The New Statesman would like to substitute “damaged” for “evil”:
Bulger killers were damaged, not evil.
Why can we not see Jon Venables and Robert Thompson as both victims and perpetrators?
Since the 1993 murder on Merseyside of the toddler James Bulger, the single most profound shift in our understanding of what creates disturbed children comes not from the criminal justice system, but from neuroscience. It is the graphic evidence for something many parents instinctively feel: that love is as vital to children as breathing. Brain scans conducted in the 1990s on children from Romanian orphanages deprived of almost all human interaction show a virtual black hole where the part of their brains dealing with managing emotions should be. The scans suggest the infant mind is not born but made, building itself like a muscle over the first two years of life as parental attention triggers physical responses in the brain.
In Samuel Butler’s Erehwon, the sick are treated as criminals and those who commit crimes as people in need of healing. For today’s elite, having largely abandoned the idea that the will exists independently of the brain, the latter of Butler’s ideas does not seem too far-fetched. Evil, for an atheist, is not rebellion against absolute moral law, it is simply something he doesn’t like, something that disrupts the harmony of the information processing capacity of his neurons. For example, in Christopher Hitchens’ case it is something that seeks to diminish his ego.

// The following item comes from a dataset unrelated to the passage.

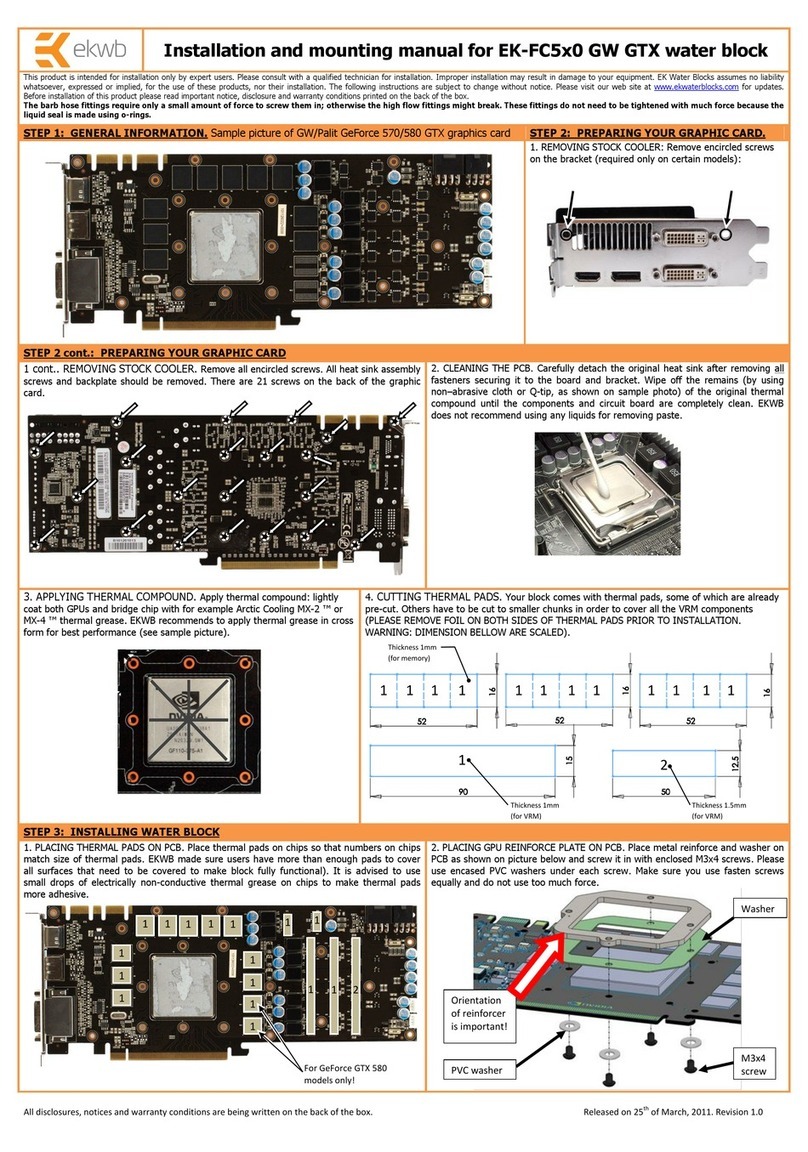 ekwb EK-FC5x0 GW GTX water block INSTALLATION AND MOUNTING MANUAL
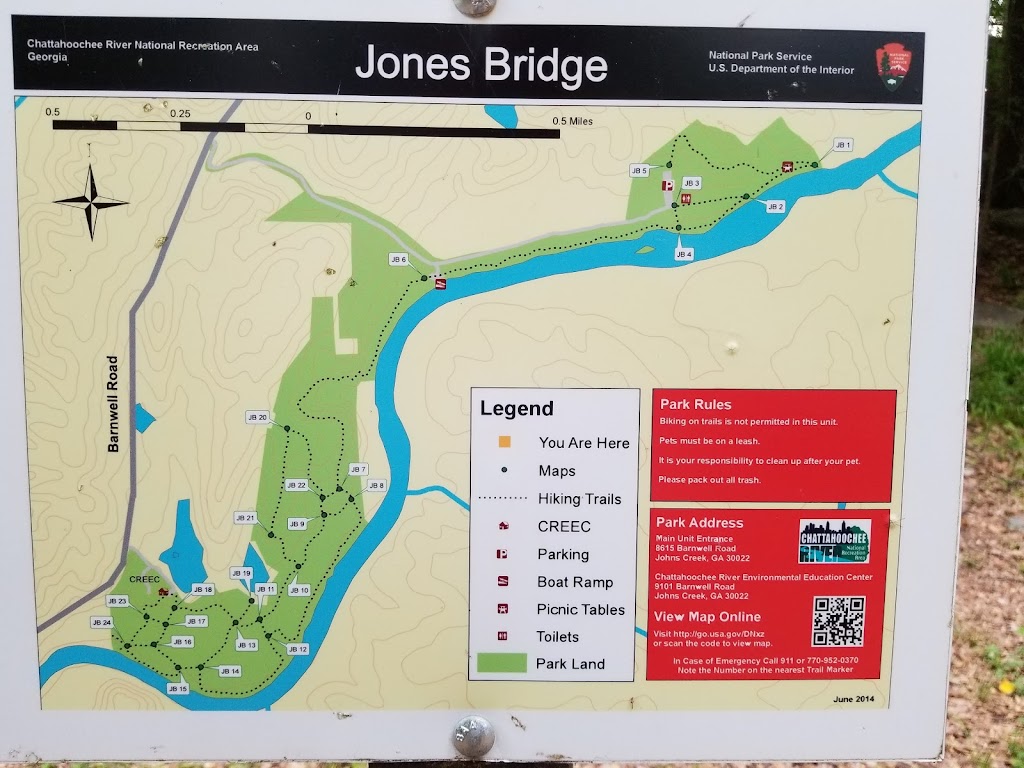 Jones Bridge Unit, Chattahoochee National Recreation Area | 8615 Barnwell Rd, Johns Creek, GA 30022, USA | Phone: (404) 329-1455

Most people, though, even though they may be adiabolists, instinctively understand that evil is real. In the case of Venables and Thompson, their killing of a helpless toddler was an act of evil for which they bear responsibility; to claim otherwise is to make them less than human – it assumes their freedom of choice had been “damaged” to such an extent by their parents that it no longer existed.
Nevertheless, there is still hope for Venables and Thompson: it is in acknowledging the evil they have done and in the saving power of Jesus Christ.